Dr. Aimee Eyvazzadeh, a fertility specialist and reproductive endocrinologist who calls herself the “Egg Whisperer,” has said that “Surviving Leuprorelin comes down to some simple tips, like a heating pad, access to air conditioning, or fans, an acupuncturist, sleep aids if needed, and support.” She further breaks down her survival guide here.
But more important than tangible essentials are self-care and support. Though it’s less discussed, having an ally is vital — even if you only have one. Beyond a peer group, though, partner support is crucial to mental health.

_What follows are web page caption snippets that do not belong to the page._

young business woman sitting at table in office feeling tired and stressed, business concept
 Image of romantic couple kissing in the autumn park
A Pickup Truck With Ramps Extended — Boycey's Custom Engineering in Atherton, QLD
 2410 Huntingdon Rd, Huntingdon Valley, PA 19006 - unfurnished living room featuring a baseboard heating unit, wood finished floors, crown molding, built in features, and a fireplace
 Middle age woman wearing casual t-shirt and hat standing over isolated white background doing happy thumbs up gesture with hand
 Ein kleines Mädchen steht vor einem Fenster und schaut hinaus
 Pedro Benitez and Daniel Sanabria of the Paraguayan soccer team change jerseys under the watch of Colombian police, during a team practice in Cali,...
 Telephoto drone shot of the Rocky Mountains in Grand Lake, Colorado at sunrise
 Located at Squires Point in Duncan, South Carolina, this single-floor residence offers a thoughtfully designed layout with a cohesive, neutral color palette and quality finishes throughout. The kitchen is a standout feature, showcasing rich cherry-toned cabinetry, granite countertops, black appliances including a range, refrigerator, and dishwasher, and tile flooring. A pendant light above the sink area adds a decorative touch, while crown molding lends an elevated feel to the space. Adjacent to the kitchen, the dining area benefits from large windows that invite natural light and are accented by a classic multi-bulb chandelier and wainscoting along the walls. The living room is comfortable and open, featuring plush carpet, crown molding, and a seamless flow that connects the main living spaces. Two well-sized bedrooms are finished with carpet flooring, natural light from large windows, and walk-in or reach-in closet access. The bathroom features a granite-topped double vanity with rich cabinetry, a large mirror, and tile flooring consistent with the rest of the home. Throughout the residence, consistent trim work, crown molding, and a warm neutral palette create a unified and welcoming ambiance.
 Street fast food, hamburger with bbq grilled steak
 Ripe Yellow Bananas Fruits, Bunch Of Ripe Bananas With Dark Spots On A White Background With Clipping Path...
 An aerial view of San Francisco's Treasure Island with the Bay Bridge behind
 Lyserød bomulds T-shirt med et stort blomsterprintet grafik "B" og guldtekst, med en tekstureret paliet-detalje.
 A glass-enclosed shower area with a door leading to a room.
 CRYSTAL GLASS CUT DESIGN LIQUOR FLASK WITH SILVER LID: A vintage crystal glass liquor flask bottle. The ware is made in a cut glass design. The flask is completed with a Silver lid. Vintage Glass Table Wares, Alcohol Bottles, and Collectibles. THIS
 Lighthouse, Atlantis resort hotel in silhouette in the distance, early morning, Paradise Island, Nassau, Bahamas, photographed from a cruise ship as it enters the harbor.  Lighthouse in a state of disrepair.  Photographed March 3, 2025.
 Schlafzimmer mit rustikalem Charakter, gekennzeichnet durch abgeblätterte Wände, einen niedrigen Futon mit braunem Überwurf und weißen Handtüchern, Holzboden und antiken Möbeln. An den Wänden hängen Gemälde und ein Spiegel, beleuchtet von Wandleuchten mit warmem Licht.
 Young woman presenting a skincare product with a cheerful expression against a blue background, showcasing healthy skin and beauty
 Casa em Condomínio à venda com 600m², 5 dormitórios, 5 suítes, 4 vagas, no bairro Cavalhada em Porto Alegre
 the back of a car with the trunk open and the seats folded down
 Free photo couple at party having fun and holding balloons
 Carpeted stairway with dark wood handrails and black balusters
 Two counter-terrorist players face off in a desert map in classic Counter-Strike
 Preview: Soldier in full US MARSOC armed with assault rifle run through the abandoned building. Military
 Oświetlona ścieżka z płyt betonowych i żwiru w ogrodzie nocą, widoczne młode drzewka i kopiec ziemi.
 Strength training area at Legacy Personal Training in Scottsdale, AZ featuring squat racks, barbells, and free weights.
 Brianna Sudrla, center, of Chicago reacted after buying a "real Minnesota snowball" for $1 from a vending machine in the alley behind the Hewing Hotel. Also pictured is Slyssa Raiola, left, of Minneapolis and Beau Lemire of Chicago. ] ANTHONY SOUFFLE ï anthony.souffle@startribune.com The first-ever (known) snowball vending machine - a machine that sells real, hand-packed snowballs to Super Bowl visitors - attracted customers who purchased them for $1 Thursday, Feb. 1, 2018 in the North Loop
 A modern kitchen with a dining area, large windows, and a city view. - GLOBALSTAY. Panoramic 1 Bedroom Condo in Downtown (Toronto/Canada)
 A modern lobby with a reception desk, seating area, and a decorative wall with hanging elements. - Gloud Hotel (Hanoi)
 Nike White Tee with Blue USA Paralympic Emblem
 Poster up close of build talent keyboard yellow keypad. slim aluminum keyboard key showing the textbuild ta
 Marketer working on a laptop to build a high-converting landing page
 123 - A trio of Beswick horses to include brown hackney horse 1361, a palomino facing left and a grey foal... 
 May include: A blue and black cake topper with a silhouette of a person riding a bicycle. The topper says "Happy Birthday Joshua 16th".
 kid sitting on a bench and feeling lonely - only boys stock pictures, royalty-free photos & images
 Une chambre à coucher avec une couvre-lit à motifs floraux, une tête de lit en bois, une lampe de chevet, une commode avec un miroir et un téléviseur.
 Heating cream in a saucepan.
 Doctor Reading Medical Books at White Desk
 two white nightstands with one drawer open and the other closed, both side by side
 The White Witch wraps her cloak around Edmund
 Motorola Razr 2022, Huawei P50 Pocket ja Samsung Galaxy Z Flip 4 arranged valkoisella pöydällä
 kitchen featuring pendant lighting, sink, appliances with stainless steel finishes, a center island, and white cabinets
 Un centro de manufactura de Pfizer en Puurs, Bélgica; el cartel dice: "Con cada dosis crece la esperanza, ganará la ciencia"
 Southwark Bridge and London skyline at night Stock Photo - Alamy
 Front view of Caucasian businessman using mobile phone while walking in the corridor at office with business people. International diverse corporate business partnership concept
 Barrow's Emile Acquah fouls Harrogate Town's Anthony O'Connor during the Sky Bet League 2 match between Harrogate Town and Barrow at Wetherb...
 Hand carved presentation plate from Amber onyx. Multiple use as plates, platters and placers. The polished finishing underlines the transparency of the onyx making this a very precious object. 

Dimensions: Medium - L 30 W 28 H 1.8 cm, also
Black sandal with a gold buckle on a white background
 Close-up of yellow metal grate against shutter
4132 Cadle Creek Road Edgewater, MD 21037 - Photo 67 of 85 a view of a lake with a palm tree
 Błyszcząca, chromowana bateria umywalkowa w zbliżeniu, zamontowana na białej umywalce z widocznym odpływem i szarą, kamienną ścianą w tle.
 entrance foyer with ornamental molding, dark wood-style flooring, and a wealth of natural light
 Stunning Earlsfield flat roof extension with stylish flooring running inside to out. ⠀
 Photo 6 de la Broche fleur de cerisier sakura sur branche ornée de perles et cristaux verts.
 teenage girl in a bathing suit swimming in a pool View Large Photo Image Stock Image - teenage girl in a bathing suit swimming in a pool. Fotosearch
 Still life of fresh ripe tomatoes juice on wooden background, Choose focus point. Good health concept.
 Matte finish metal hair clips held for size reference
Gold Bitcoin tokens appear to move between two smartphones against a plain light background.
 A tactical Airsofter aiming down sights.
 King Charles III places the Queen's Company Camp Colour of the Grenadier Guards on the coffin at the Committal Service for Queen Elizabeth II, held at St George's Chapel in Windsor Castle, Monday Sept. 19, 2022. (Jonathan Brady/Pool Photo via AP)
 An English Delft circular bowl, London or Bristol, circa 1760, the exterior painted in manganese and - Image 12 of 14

That support may manifest in various ways. For me, it resembled a partner who threw on a sweatshirt when I turned up the air conditioning. As Bindeman puts it, “they don’t need to be sitting on the roller coaster with you, but they should be standing by the entrance.” My husband endured my more frequent annoyances with a higher endurance than usual. His typically strong-willed nature was replaced by a hug or a quiet understanding that these momentary storms of emotions were mostly out of my control.
I didn’t feel like myself this past summer, but I have gained insight — not just into the importance of layers or hydration — but something deeper. For the first time ever, I stopped trying to achieve a “summer body” (whatever the hell that means) and somehow found acceptance within a new, evolving one. I’d spent so much time during fertility treatments in anxious suspense, but for once, I focused more on each day in front of me.
Eyvazzadeh also highlighted the importance of mindfulness. She tells fertility patients, “The journey is a marathon, not a sprint, and in this personal race, one day the finish line will be in sight.”
I’m grateful, and as I continue to do IVF treatments, I’m still hopeful for a successful outcome. It hasn’t been easy, but my perseverance and my faith in becoming a mother remain strong. It’s the driving force that keeps me going through every pill, protocol and hormone injection.
On the other hand, when the time for natural menopause does eventually come, I will at least be a little prepared. Most women enter this phase fairly cluelessly because it’s unfortunately still a taboo topic. But I’ll be ready because of this strange and sudden window into the future… with a set of cooling sheets.